- [Instructions to follow]
Give back, unaltered, the lines from the one with "a path in the clouds supertux" to the end of the material, omitting pictures.

- [Given entries]
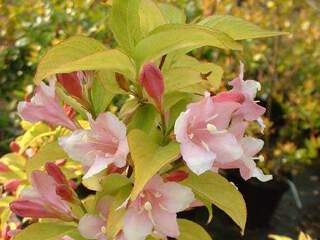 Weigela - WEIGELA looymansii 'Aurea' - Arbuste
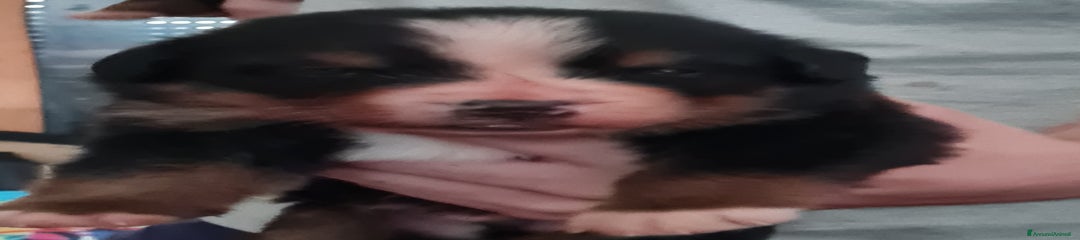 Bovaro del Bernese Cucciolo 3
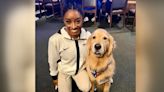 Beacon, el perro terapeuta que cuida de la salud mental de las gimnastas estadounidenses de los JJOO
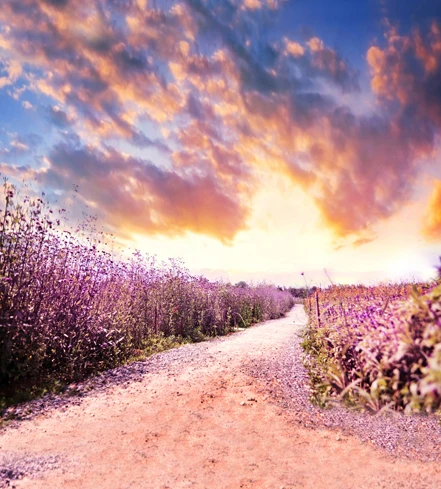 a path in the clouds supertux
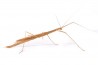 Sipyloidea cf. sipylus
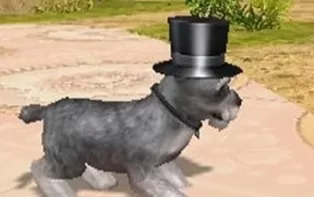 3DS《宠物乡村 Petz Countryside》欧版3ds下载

- [Result below]
 a path in the clouds supertux
 Sipyloidea cf. sipylus
 3DS《宠物乡村 Petz Countryside》欧版3ds下载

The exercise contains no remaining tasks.